I am trying the global atomics vs shared atomics code from NVIDIA blog https://developer.nvidia.com/blog/gpu-pro-tip-fast-histograms-using-shared-atomics-maxwell/
But when I am trying to profile with Nsight Compute CLI, it shows an error for the shared atomics kernel.
==PROF== Connected to process 16078
==PROF== Profiling "histogram_gmem_atomics" - 0: 0%....50%....100% - 1 pass
==PROF== Profiling "histogram_smem_atomics" - 1: 0%....50%....100% - 1 pass
==ERROR== LaunchFailed
==ERROR== LaunchFailed
==PROF== Trying to shutdown target application
==ERROR== The application returned an error code (9).
==ERROR== An error occurred while trying to profile.
==WARNING== Found outstanding GPU clock reset, trying to revert...Success.
[16078] histogram@127.0.0.1
histogram_gmem_atomics(const IN_TYPE *, int, int, unsigned int *), 2023-Mar-09 12:55:43, Context 1, Stream 7
Section: Command line profiler metrics
---------------------------------------------------------------------- --------------- ------------------------------
dram__bytes.sum.per_second Gbyte/second 13,98
---------------------------------------------------------------------- --------------- ------------------------------
histogram_smem_atomics(const IN_TYPE *, int, int, unsigned int *), 2023-Mar-09 12:55:43, Context 1, Stream 7
Section: Command line profiler metrics
---------------------------------------------------------------------- --------------- ------------------------------
dram__bytes.sum.per_second byte/second (!) nan
---------------------------------------------------------------------- --------------- ------------------------------
Why is this showing an error in ncu?

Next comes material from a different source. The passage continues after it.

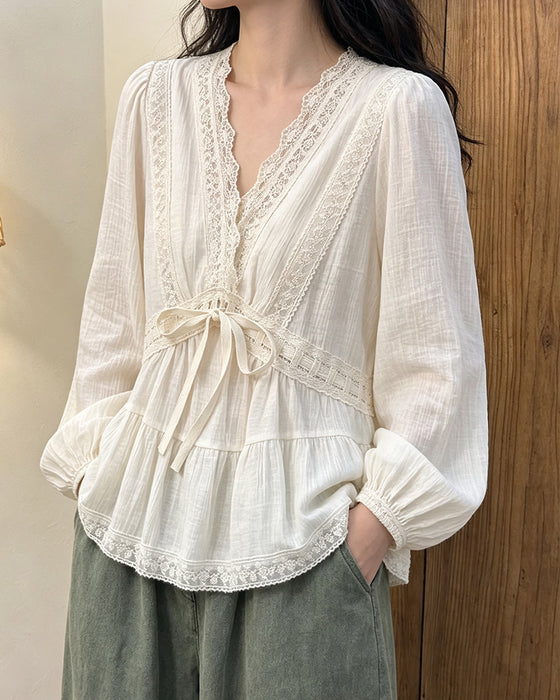 Blus V-Hals Bubbla Ärm Spets Patchwork Utställd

For referance my main function looks like this:
#define NUM_BINS 480
#define NUM_PARTS 48
struct IN_TYPE
{
int x;
int y;
int z;
};
int main(){
int height = 480;
int width = height;
auto nThread = 16;
auto nBlock = (height) / nThread;
IN_TYPE* h_in_image, *d_in_image;
unsigned int* d_out_image;
h_in_image = (IN_TYPE *)malloc(height*width * sizeof(IN_TYPE));
cudaMalloc(&d_in_image, height*width * sizeof(IN_TYPE));
cudaMalloc(&d_out_image, height*width * sizeof(unsigned int));
for (int n = 0; n < (height*width); n++)
{
h_in_image[n].x = rand()%10;
h_in_image[n].y = rand()%10;
h_in_image[n].z = rand()%10;
}
cudaMemcpy(d_in_image, h_in_image, height*width * sizeof(IN_TYPE), cudaMemcpyHostToDevice);
histogram_gmem_atomics<<<nBlock, nThread>>>(d_in_image, width, height, d_out_image);
cudaDeviceSynchronize();
// not copying the results back as of now
histogram_smem_atomics<<<nBlock, nThread>>>(d_in_image, width, height, d_out_image);
cudaDeviceSynchronize();
}